BRIEF
One range is to be output from the listing below, exactly as written: the line with "Amico Apartment Zadar" to the line with "The Valley Catalogue", both kept.

RECORD EXCERPTS
◇ ◇ ◇ ◇ ◇ ◇ ◇
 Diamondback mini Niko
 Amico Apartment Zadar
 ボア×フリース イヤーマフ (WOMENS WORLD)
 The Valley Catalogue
◇ ◇ ◇ ◇ ◇ ◇ ◇
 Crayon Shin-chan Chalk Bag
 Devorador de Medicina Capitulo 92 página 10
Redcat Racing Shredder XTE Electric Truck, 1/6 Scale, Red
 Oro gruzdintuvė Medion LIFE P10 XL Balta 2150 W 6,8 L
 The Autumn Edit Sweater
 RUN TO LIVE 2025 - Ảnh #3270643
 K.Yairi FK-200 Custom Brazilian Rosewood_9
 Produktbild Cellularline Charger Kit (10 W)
◇ ◇ ◇ ◇ ◇ ◇ ◇
EXPECTED ANSWER
 Amico Apartment Zadar
 ボア×フリース イヤーマフ (WOMENS WORLD)
 The Valley Catalogue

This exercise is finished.